■ **ASSIGNMENT**:
Among the lines of data below, reproduce only those from the one with "Mrunal Thakur Instagram" through the one with "SIGNIFY NATURE Vitamine", exactly as they stand, both ends included.

--- START ---

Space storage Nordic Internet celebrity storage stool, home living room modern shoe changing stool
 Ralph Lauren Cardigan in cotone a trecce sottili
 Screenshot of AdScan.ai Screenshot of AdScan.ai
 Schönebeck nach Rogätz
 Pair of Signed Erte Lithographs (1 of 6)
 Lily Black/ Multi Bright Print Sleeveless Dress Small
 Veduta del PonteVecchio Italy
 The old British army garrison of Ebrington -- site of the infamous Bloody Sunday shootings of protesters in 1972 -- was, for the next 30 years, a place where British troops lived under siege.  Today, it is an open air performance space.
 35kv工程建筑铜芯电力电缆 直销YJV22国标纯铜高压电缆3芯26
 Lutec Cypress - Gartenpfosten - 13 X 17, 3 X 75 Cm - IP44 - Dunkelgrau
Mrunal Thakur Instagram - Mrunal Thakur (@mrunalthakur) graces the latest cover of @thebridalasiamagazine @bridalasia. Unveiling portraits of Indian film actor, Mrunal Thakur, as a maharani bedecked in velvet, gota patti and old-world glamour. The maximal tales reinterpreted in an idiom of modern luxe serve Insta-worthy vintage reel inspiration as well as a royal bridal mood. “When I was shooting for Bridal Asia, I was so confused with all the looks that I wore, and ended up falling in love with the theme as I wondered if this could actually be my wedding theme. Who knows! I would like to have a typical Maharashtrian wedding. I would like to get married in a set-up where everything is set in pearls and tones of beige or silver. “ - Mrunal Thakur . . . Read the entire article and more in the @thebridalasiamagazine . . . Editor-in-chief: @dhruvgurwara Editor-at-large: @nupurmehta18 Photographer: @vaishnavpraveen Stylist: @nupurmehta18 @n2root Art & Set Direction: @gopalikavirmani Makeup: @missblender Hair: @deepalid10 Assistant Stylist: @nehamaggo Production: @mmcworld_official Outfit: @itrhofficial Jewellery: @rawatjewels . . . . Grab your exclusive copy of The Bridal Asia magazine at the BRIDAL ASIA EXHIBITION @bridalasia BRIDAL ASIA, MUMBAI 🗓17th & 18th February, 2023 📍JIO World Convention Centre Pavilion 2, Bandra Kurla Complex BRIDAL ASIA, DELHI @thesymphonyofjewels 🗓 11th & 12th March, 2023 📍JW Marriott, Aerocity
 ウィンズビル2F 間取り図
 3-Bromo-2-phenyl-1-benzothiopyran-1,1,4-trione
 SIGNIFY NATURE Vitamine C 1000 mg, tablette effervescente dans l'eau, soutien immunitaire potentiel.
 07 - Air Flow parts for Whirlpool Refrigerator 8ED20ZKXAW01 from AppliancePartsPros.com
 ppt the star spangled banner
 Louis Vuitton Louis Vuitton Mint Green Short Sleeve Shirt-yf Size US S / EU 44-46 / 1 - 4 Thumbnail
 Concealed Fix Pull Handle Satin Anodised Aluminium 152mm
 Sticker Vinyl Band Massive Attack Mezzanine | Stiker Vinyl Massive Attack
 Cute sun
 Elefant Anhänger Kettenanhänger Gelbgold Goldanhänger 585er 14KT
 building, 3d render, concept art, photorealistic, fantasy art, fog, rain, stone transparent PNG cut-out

--- END ---

■ **RESULT OF THIS TASK**:
Mrunal Thakur Instagram - Mrunal Thakur (@mrunalthakur) graces the latest cover of @thebridalasiamagazine @bridalasia. Unveiling portraits of Indian film actor, Mrunal Thakur, as a maharani bedecked in velvet, gota patti and old-world glamour. The maximal tales reinterpreted in an idiom of modern luxe serve Insta-worthy vintage reel inspiration as well as a royal bridal mood. “When I was shooting for Bridal Asia, I was so confused with all the looks that I wore, and ended up falling in love with the theme as I wondered if this could actually be my wedding theme. Who knows! I would like to have a typical Maharashtrian wedding. I would like to get married in a set-up where everything is set in pearls and tones of beige or silver. “ - Mrunal Thakur . . . Read the entire article and more in the @thebridalasiamagazine . . . Editor-in-chief: @dhruvgurwara Editor-at-large: @nupurmehta18 Photographer: @vaishnavpraveen Stylist: @nupurmehta18 @n2root Art & Set Direction: @gopalikavirmani Makeup: @missblender Hair: @deepalid10 Assistant Stylist: @nehamaggo Production: @mmcworld_official Outfit: @itrhofficial Jewellery: @rawatjewels . . . . Grab your exclusive copy of The Bridal Asia magazine at the BRIDAL ASIA EXHIBITION @bridalasia BRIDAL ASIA, MUMBAI 🗓17th & 18th February, 2023 📍JIO World Convention Centre Pavilion 2, Bandra Kurla Complex BRIDAL ASIA, DELHI @thesymphonyofjewels 🗓 11th & 12th March, 2023 📍JW Marriott, Aerocity
 ウィンズビル2F 間取り図
 3-Bromo-2-phenyl-1-benzothiopyran-1,1,4-trione
 SIGNIFY NATURE Vitamine C 1000 mg, tablette effervescente dans l'eau, soutien immunitaire potentiel.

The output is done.